I listen to a nationally syndicated radio host sometime in the afternoon. This guy has a show from time to time called “Pimps in the Pulpit”. It sounds bad, I know, but is there a hint of truth to that description. Trust me, I know that talking about religion or the church is never a good idea. Having said that, I’m sure I will be berated for this writing but I hope most will understand that my point is this: when will the black church community take an honest look at itself?

Don’t get me wrong. I love the “lawd” as much as the next person who claims that they do. I also love and can appreciate “The Word” and I respect pastors, and there are many good ones out there. I think we should do more to support and honor the good ones. I have several in my family. I also know that there are some who have raised hell all of their lives, gone to prison and worse, who now claim to have been called. So I know, in many cases, all are not what they seem or claim to be. Lest, be careful and not confuse the man or church with Christianity or Spirituality.

Let’s be real, you know the scenario – I’ll call it the drama. A pastor gets caught in some scandalous behavior like stealing money, committing adultery, having a child by a member or worse. The word spreads, a few fed-up members leave the church. The “incident” is down-played or swept under the rug and eventually the congregation moves on as if nothing ever happened. Black churches are notorious for their unwillingness to shake bad leaders. Even in the face of undeniable evidence of gross sin, some congregations maintain their commitments to shady characters with an almost addictive-like quality.

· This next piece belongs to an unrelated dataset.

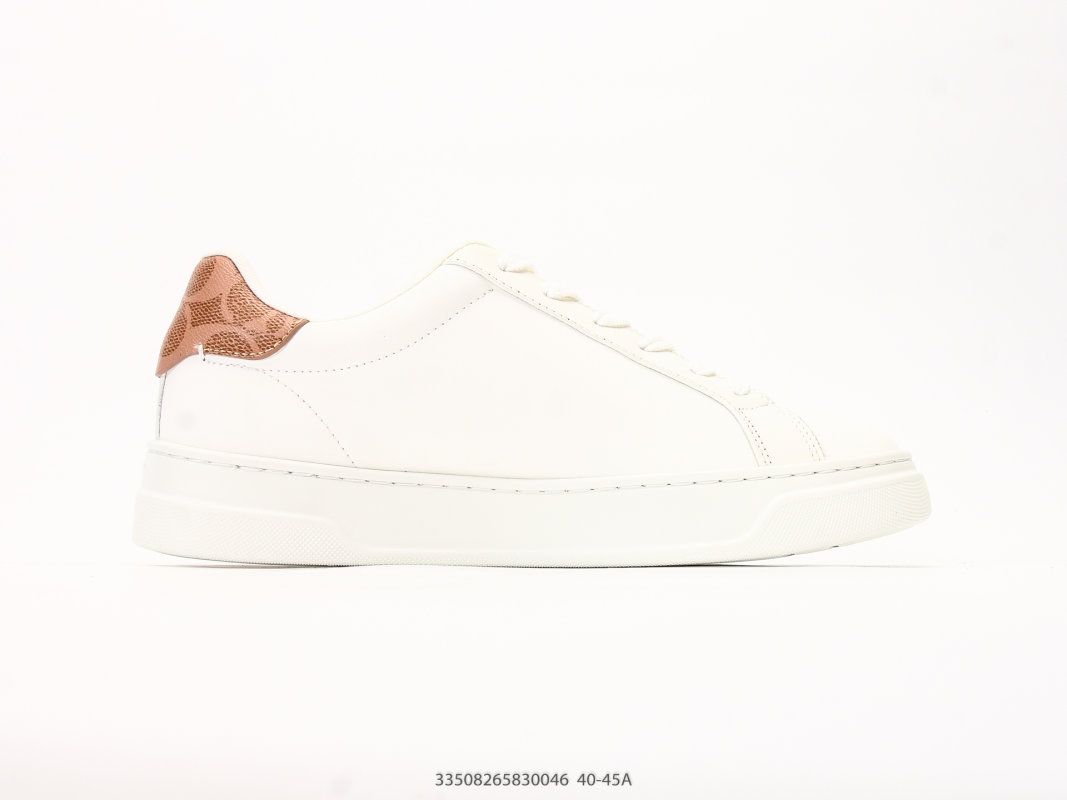 Coach Monogram Low-Top Court Sneaker Cream/Tan Replica view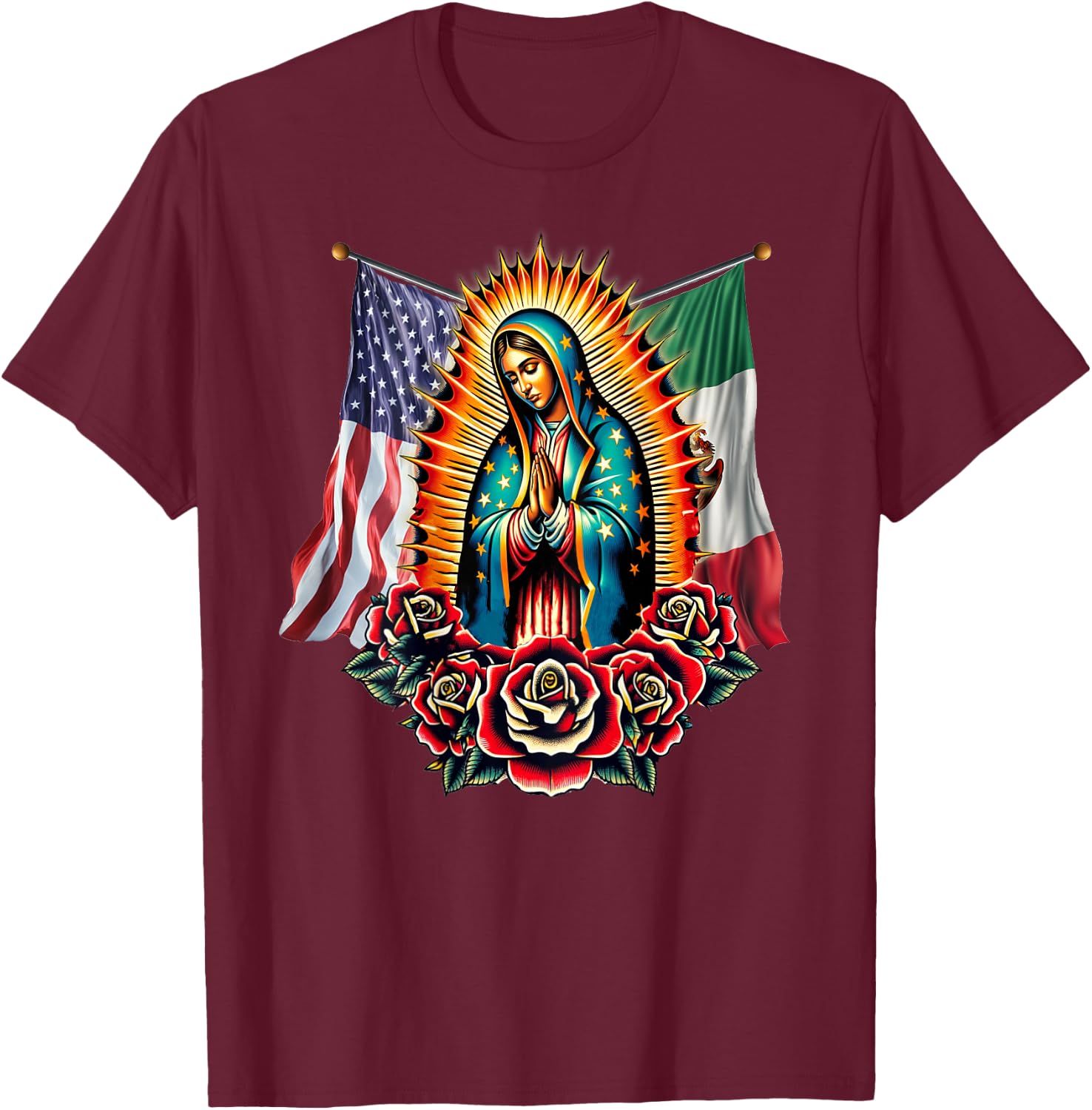 Virgen De Guadalupe Virgin Mary Mexican American Flag T-Shirt - T-Shirt | Maroon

When this happens it tends to inflect damage far greater than their collective work. Frankly, it spells disaster for its mission, its people, and its community. The little country church I attended as a child had a preacher that I always admired because he told the truth. He once said, “The bible has been rewritten 28 times. If the first version was God’s word; Why then would man need to rewrite the order God left for us?” When I got older and saw him outside of the church in his Caddie, he told me that, “There is a lot of money in Jesus name”.

I thought then, and do sometimes now, that it is like the wolf guarding the sheep. There was a time when the church was there for the community and now it seems the people are there for the church. Think about that for a moment. During the Civil Rights era, black preachers changed the world; put their lives on the line, and many died for their community and the people of it. Do you know one preacher who would do that today? Probably not!

I went to church a few weeks ago - a mega church. The first thing I saw was an ATM machine and the pastor that day was ten years old. What came to mind was the day Jesus turned over the tables of the money changers in the temple and with respect to the ten year old preacher – Negro Please! My point is this; let thee be guarded with respect to the messenger. Some churchgoers believe pastors (even bad ones) are virtually untouchable or they are all knowing like God speaks through them. They are human and most have an agenda. Let me add that in most cases it’s not you.

Because of their position and function within the church, they are seen as being above any charge of indiscretion. People who hold this view will protect a corrupt pastor by immediately denying and dismissing any allegation of misconduct before careful consideration. Sometimes the congregation will blame the victims for their own victimization. For instance, many women find themselves blamed for having been sexually harassed by a corrupt pastor. Should they find the courage to speak out, they are often branded as “trouble makers” and/or demonized as a part of the devil’s scheme to bring down the ministry.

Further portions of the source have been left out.